Outro dia, falava por telefone com Alejandro González Iñárritu, um diretor de cinema que sabe tudo de cinema, e ele me dizia: "Leonardo, o problema é que eu acho que, nestes tempos, a dieta do dramatismo mais importante que está sendo manejada no audiovisual é realizada nas séries de televisão sérias". Tem razão.

Vi recentemente a segunda temporada de uma série sueco-dinamarquesa que se chama A ponte, The bridge, ou “Bron”, em sueco ou dinamarquês. Aí aprendi como se diz em sueco ou dinamarquês, não sei, "a bofetada!". Não posso repetir aqui porque vão se ofender (risos).

Os suecos ou os dinamarqueses?

Ou os argentinos, quando ouvirem, porque deve ter uns palavrões terríveis. Terminei de ver o final de Breaking Bad, que me parece uma série extraordinária.

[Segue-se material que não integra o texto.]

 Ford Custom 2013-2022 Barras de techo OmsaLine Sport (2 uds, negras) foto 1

E, de todas, minha preferida continua sendo The Wire.

Além dos seriados, você anda pela Escandinávia e pelo norte da Europa com oRembrandt.

Pura casualidade. Eu comprei o e-reader em setembro na Espanha e uma amiga colocou nele muitos romances.

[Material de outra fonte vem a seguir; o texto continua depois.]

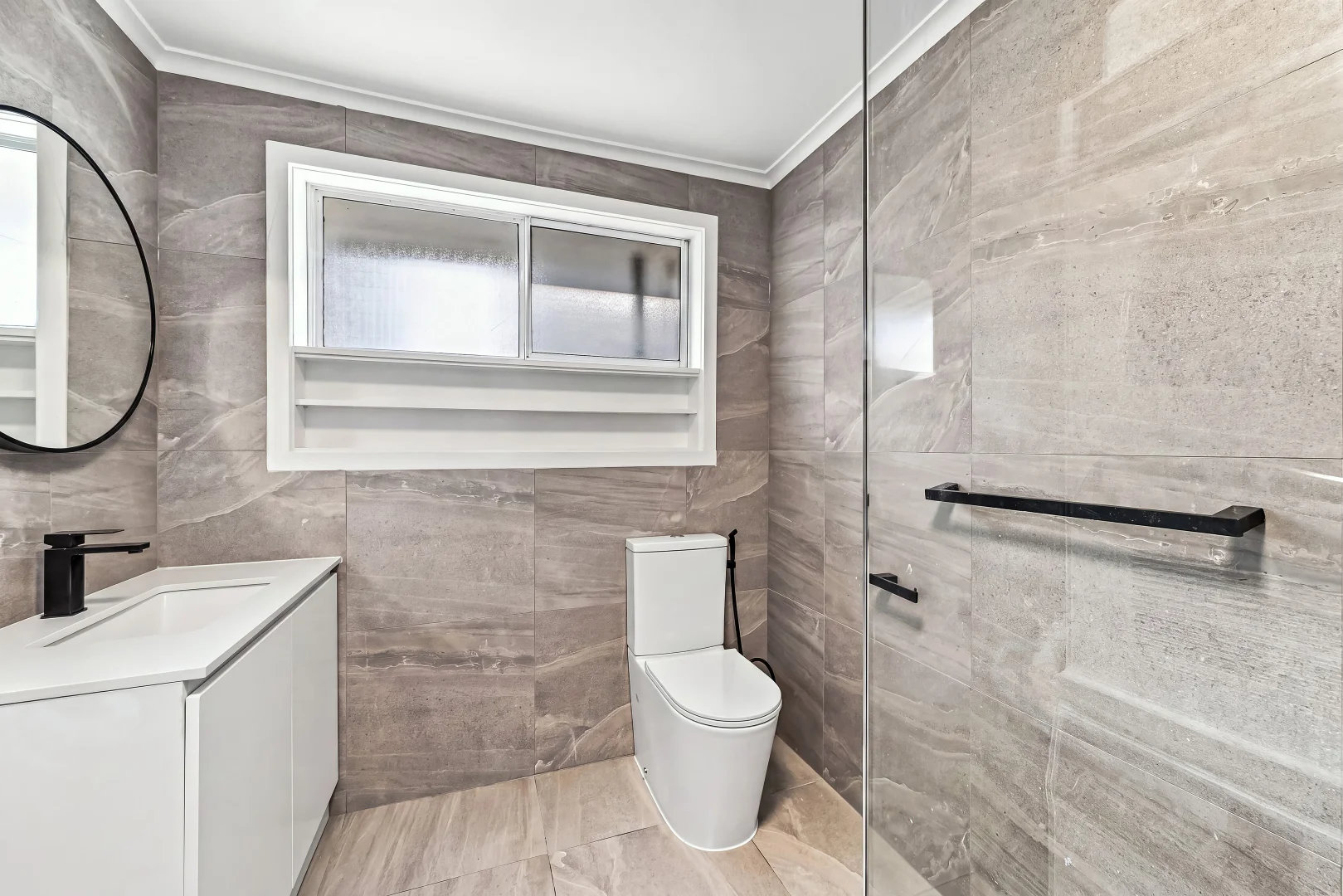 3/13 Oakes Avenue - Image 5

Sou muito cosmopolita, como te disse. Muito ocidental na minha formação cultural. Posso desfrutar perfeitamente de um escritor chinês ou de Murakami. Por certo, Murakami me parece que é trapaceiro em sua literatura, e não da forma como Vargas Llosa, com habilidade e recursos literários, mas sim com falta de habilidade e poucos recursos literários, que é a pior maneira de ser trapaceiro. Murakami é um escritor supervalorizado. De todo modo, o mundo hispânico, mediterrâneo, europeu – e quando digo hispânico, também incluo a América Latina, a Hispanoamérica –, em geral, é meu mundo fundamental de referência.

Qual era seu mundo enquanto estudava filologia?

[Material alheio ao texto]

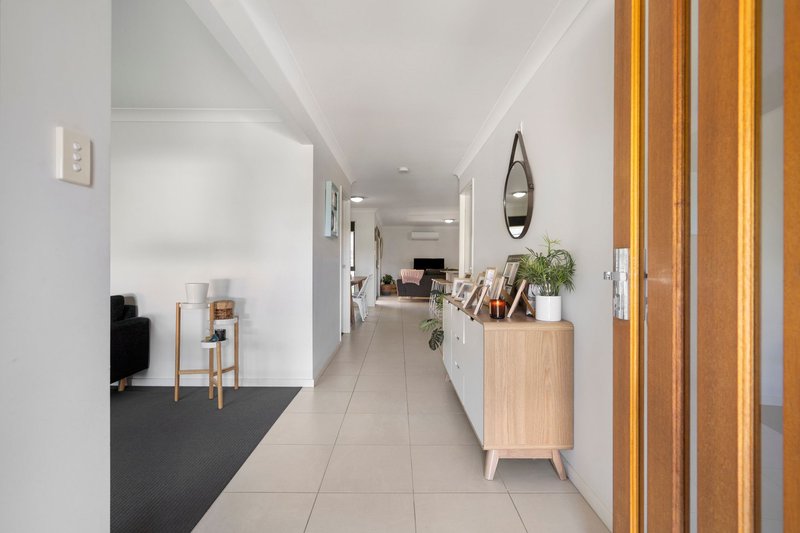 Photo - 7 Dandalup Avenue, Ormeau Hills QLD 4208 - Image 7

Muito latino-americano. Estudei entre 1975 e 1980, momento em que ainda o efeito doboom estava fazendo estrondo com cada romance de García Márquez, de Vargas Llosa, ou de Cortázar. Quando saiu Palinuro de México, de Fernando del Paso, me lembro que fiquei comovido. Nós líamos principalmente autores latino-americanos, e estávamos muito próximos.

Naquela ocasião, começaram os festivais de cinema de Havana. Acredito que seja um momento glorioso do cinema brasileiro e argentino. É a época de A história oficial, deÚltimos dias da vítima, com Frederico Luppi, inspirado em um romance de José Pablo Feinmann, isto é, havia de tudo no cinema argentino. E estávamos muito na onda latino-americana.

Também é a época em que nos permitem descobrir a salsa. A salsa em Cuba esteve marginalizada porque se considerava que era um roubo à música cubana, o que não certo, é uma amplificação das sonoridades e das potencialidades da música cubana em sua fusão com outras músicas de seu contexto, de seu contexto caribenho. Músicas dominicanas, porto-riquenhas, latinas de Nova York, panamenhas. Sou absolutamente fanático por Rubén Blades e Willie Colón.

E você falava sobre o beisebol. Qual relação você tem com o beisebol cubano? Já se vão 55 anos da Revolução e alguns menos de bloqueio, e vocês são fanáticos pelo mesmo esporte que os norte-americanos.

Existe uma razão histórica. O beisebol entra em Cuba vindo dos Estados Unidos na metade do século XIX e é adotado pelos cubanos como um elemento de modernidade e de antiespanholismo. Foi uma forma de se opor ao atraso espanhol com algo que vinha dos países desenvolvidos do norte. E a partir daí começa a ter uma relação muito dinâmica com a sociedade cubana, começa a fazer parte da cultura cubana por muitas razões.

Tenho escrito um ensaio difícil de sintetizar. Mas existe um elemento que é muito importante e que começa a ser praticado pelos jovens burgueses que estudavam nos Estados Unidos e voltavam a Cuba. Mas, desses jovens, ele passa à classe média. E quando passa da classe média às classes populares, imediatamente produz um fenômeno que é muito importante.

Para jogar beisebol, é preciso ter 18 pessoas. Naquela época, 20. Imediatamente, tiveram que começar a procurar jogadores e, quando acabavam os brancos, tinham que jogar com os negros. Por isso, o beisebol foi um elemento importantíssimo na integração étnica cubana por meio de uma manifestação esportiva e cultural.

Leonardo, vejo que sua mulher aparece ali para avisar alguma coisa. Quer dizer que terminamos porque o barbeiro chegou?

E toca duas vezes. Aqui o carteiro toca uma. O barbeiro toca duas. O barbeiro toca duas vezes.